The following Gantt chart illustrates the estimated timeline for the completion of different tasks required for successful completion of this project. It starts from the third week of December 2013 and ends in first week of April 2014.

In light of the estimated timeline of the project, some major benchmarks have been selected for this project. These benchmarks or milestones include:

  1. Completion of research,

  2. Completion of feasible plan,

  3. Collection of data regarding the guidelines for students,

  4. Collection of data regarding the assessment guidelines for teachers,

  5. Arrangement and compilation of data in booklet form,

  6. Review and editing of the booklets,

  7. Printing and distribution of booklets,

Progress to Date

To date, the research and planning tasks of this project have been completed. The plan has also provided the basis for efficient and timely completion of the tasks identified for the completion of the project. The major benchmarks have been identified and these benchmarks will facilitate the evaluation of the progress in the project according to the given timeline.

Discussion and Conclusion

The plan for borescope training program package has been provided. The discussion of borescope inspection and it significance in aircraft maintenance provided sound justification for the topic, aims and objectives of this project. The main aim of the project is to assist students in gaining detailed understanding of the working of borescope and steps involved in efficient inspection.
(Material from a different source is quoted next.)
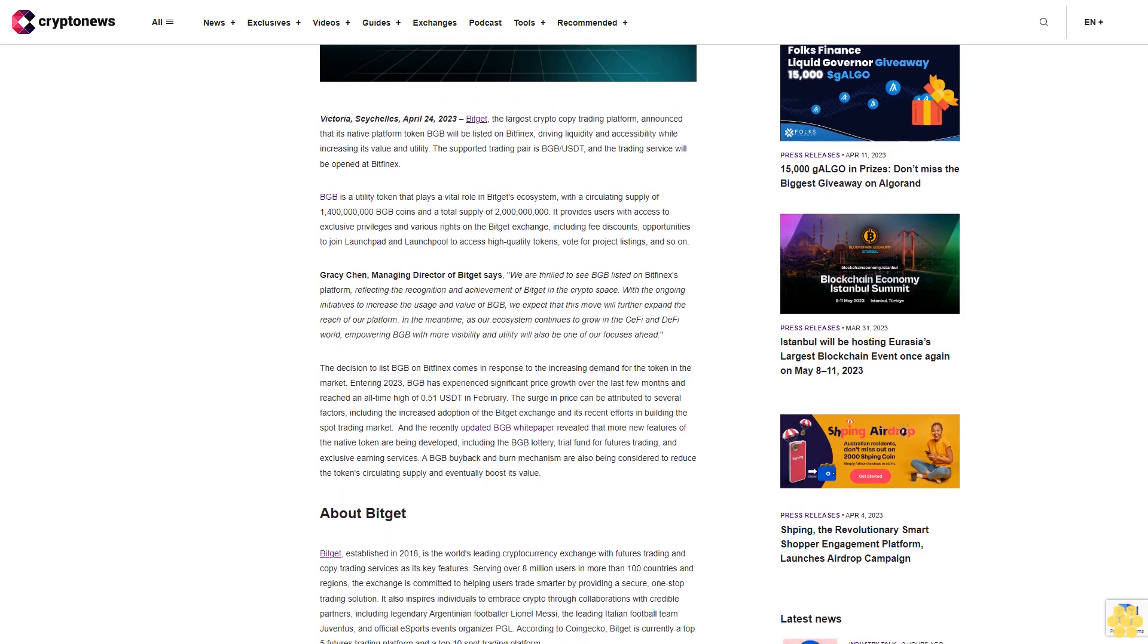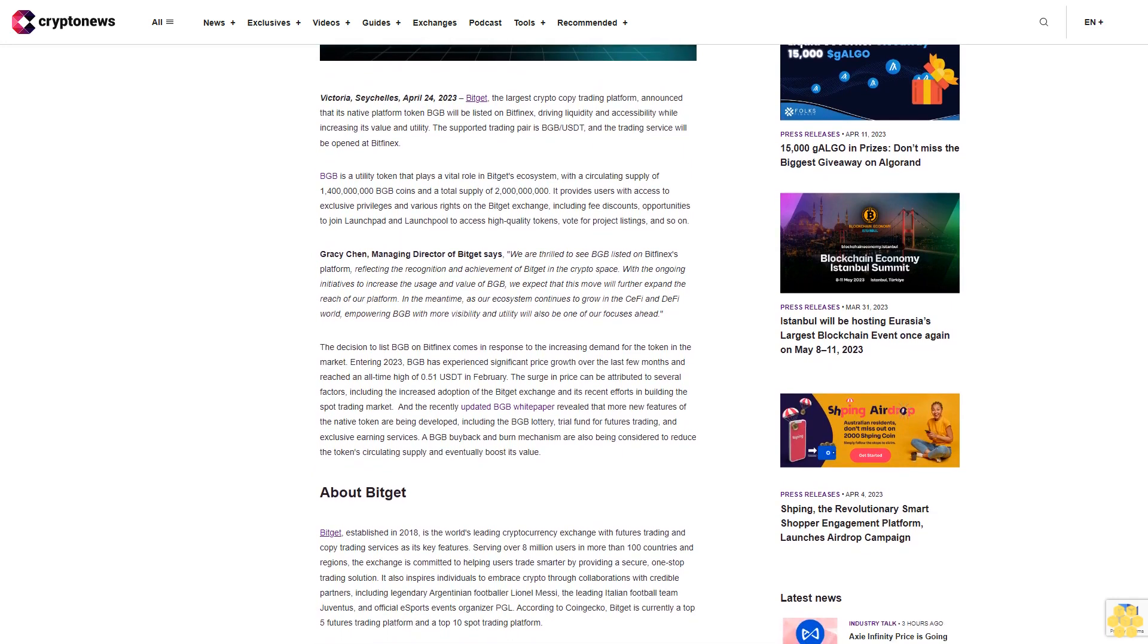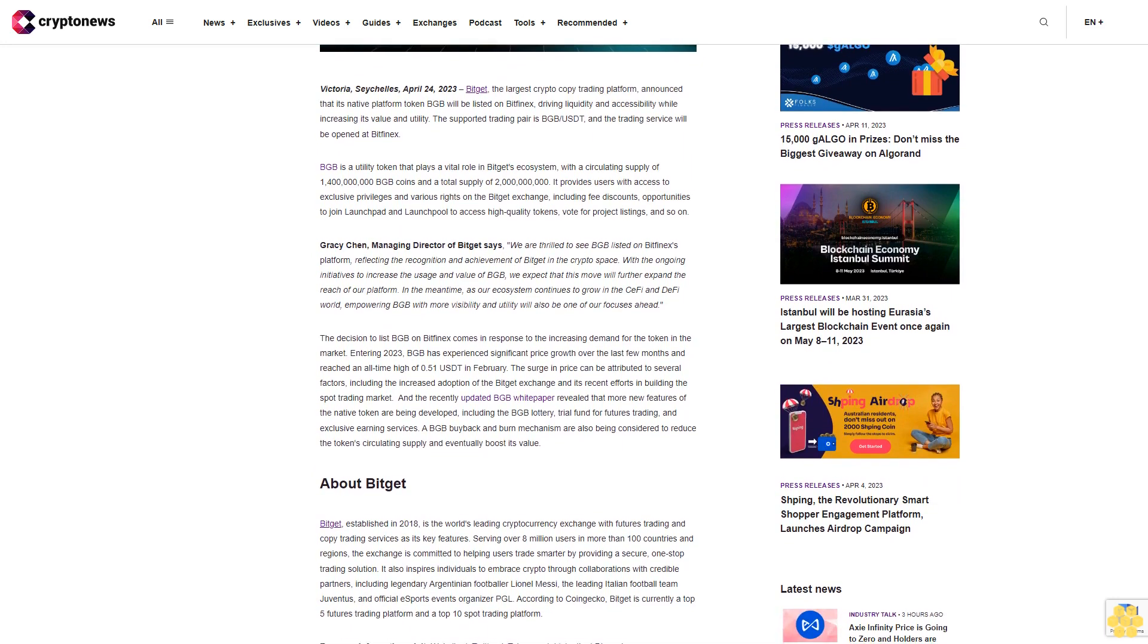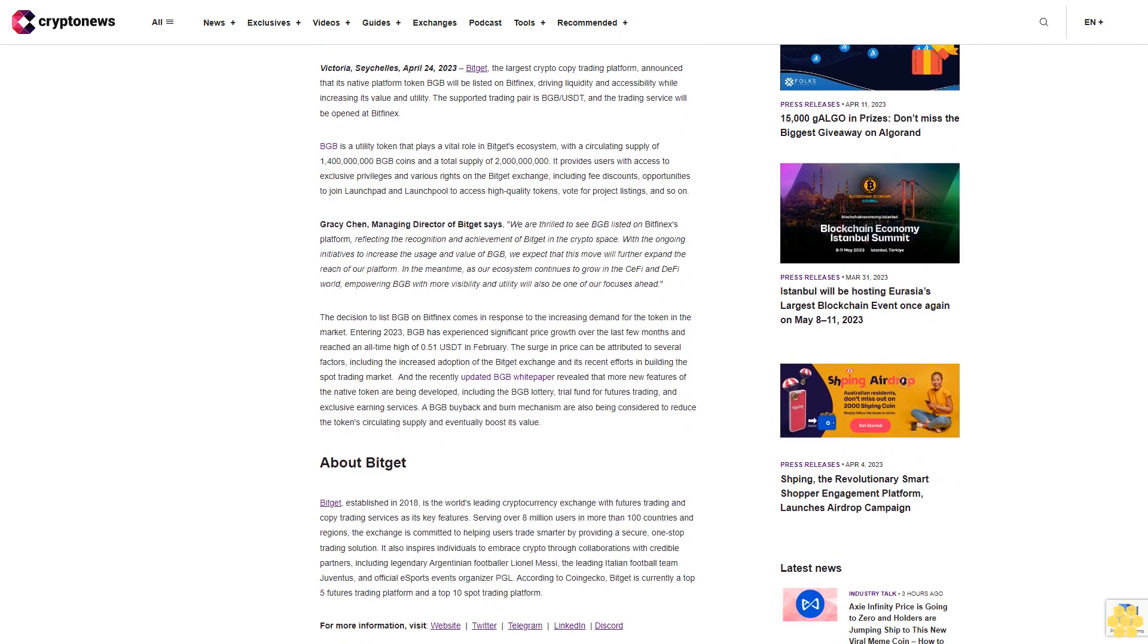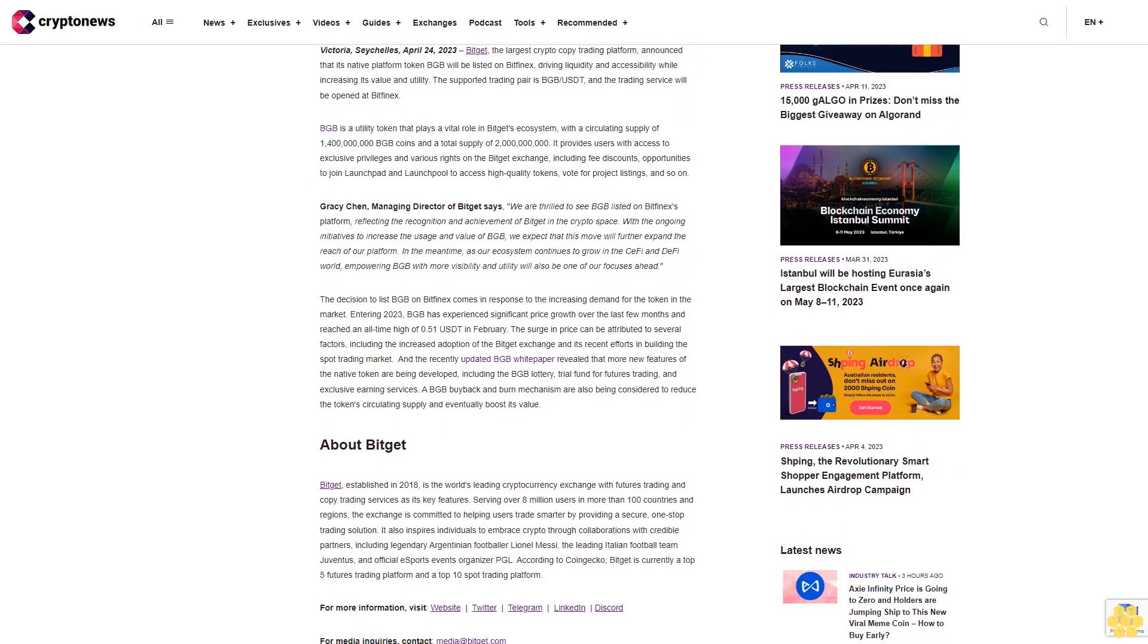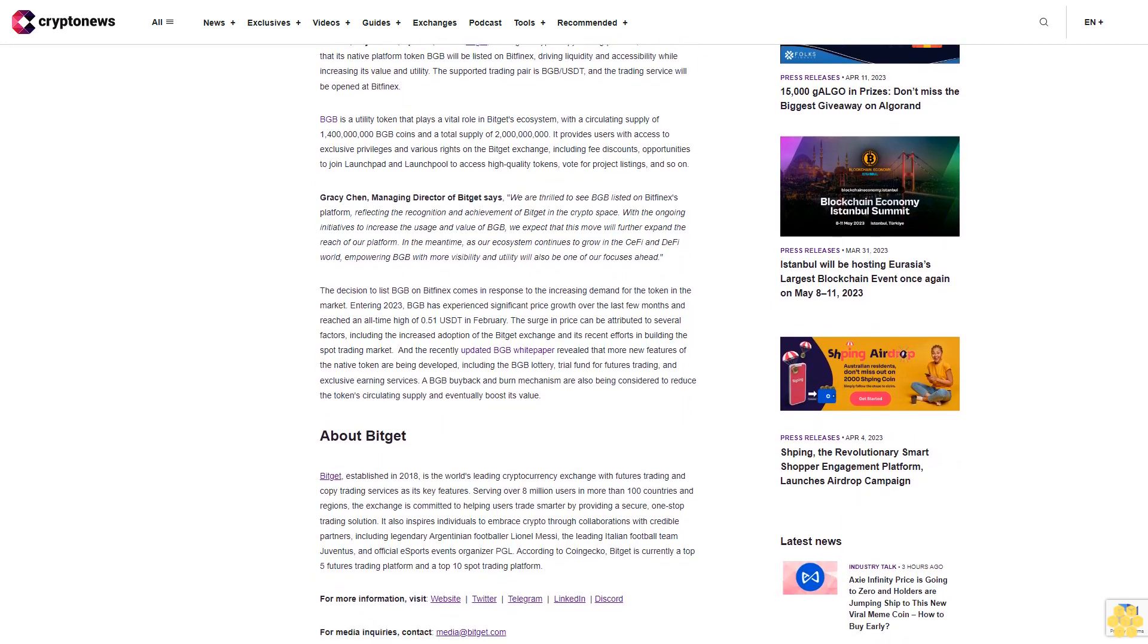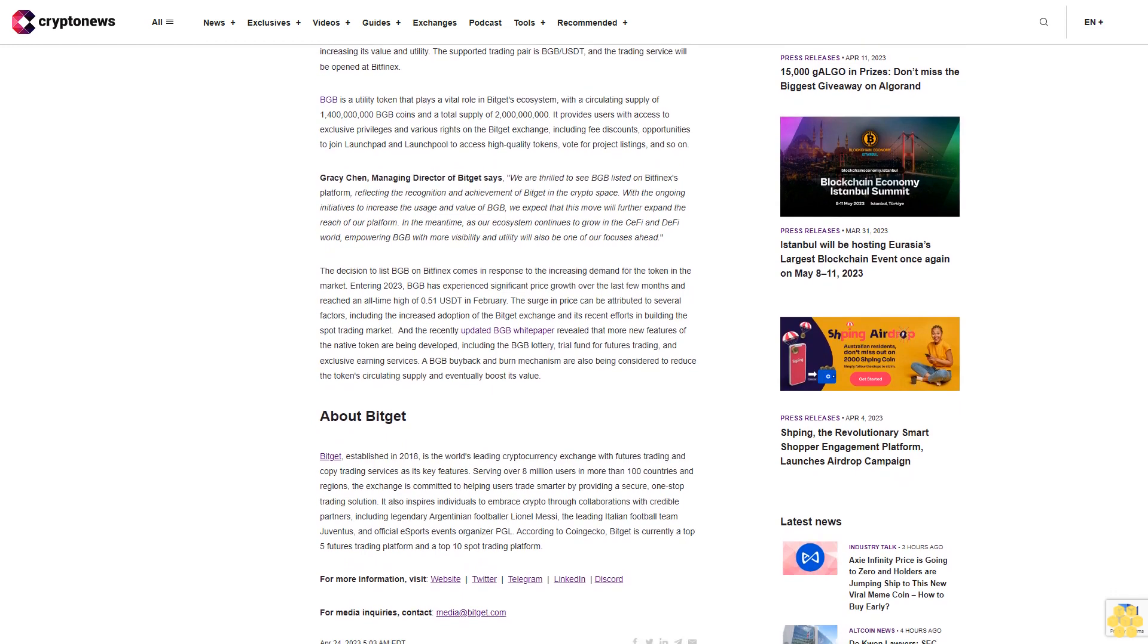BGB is a utility token that plays a vital role in Bitget's ecosystem with a circulating supply of 1.4 billion BGB coins and a total supply of 2 billion. It provides users with access to exclusive privileges and various rights on the Bitget exchange, including fee discounts, opportunities to join Launchpad and Launchpool to access high-quality tokens, vote for project listings, and more.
The deliverables of the project are identified as two booklets containing guidelines for students regarding the practical use of borescope and for teachers regarding the assessment of students in borescope training programs. The limitation of this program is that it only deals with the borescope inspection of turbine section and combustion chamber of the engine. It does not provide information and guidelines to apply borescope inspection on other parts of the engine. 
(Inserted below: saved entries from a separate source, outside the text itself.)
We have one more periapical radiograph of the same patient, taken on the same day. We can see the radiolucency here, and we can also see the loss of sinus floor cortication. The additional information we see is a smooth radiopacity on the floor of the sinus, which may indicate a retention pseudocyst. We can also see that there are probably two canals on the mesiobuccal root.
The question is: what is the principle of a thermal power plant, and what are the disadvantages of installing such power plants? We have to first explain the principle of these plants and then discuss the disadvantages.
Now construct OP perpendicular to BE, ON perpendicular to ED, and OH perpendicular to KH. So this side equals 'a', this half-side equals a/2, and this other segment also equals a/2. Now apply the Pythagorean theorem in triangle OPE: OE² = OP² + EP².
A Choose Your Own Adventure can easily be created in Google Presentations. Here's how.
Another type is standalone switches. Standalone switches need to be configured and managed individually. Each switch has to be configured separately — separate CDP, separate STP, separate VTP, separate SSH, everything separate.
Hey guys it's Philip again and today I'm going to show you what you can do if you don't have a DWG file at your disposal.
Drury, C. G. and Sarac, A., 1997, A design aid for improved documentation in aircraft maintenance. Proceedings of the 41st Annual Human Factors and Ergonomics Society Meeting, Albuquerque, NM, pp.1158-1162.
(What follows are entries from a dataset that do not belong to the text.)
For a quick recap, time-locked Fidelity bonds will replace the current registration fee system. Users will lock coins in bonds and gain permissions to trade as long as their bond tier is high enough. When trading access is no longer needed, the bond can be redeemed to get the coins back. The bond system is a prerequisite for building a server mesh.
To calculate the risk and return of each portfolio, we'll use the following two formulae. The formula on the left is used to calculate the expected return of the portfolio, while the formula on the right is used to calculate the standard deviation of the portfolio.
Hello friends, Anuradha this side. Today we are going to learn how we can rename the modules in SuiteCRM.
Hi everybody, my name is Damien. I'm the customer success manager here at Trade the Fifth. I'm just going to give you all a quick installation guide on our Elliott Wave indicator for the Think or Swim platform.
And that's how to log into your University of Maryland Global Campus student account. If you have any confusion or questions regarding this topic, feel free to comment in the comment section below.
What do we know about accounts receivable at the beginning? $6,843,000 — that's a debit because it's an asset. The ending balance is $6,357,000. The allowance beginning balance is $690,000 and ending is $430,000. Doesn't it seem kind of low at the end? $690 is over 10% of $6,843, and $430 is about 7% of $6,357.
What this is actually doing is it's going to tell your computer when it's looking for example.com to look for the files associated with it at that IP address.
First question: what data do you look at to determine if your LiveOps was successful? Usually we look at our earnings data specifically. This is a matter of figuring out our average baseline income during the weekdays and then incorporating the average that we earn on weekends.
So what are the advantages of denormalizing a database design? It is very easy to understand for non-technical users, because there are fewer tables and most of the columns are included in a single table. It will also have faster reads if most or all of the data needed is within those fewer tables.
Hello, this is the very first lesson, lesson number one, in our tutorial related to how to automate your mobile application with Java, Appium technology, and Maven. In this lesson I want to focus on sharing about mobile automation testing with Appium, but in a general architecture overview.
Drury, C. G., 2002. Visual Inspection Reliability; what we know and why we need to know it. 16th Human Factors in Aviation Maintenance Symposium, pp.2-4.

Federal Aviation Administration, 2008. Aviation Maintenance Technician Handbook. Indomitable Publications.

Griffioen, H., 2011. Air Crash Investigations: LOST PROPELLER BLADE KILLS 8, the Crash of Atlantic Southeast Airlines Flight 529. press.

Rao, B. K. N., 1996. Handbook of Condition Monitoring. New York: Elsevier.

Reasons, J. J. and Hobbs, A., 2003. Managing Maintenance Error: A Practical Guide. Ashgate Publishing, Ltd.

Spencer, F. and Schurman, D., 1995, Reliability Assessment at Airline Inspection Facilities. Volume III: Results of an Eddy Current Inspection Reliability Experiment, DOT/FAA/CT-92/12, Atlantic City, FAA Technical Center.

Williams, A., 2009. Contemporary Issues Shaping China’s Civil Aviation Policy: Balancing International with Domestic Priorities. Ashgate Publishing, Ltd.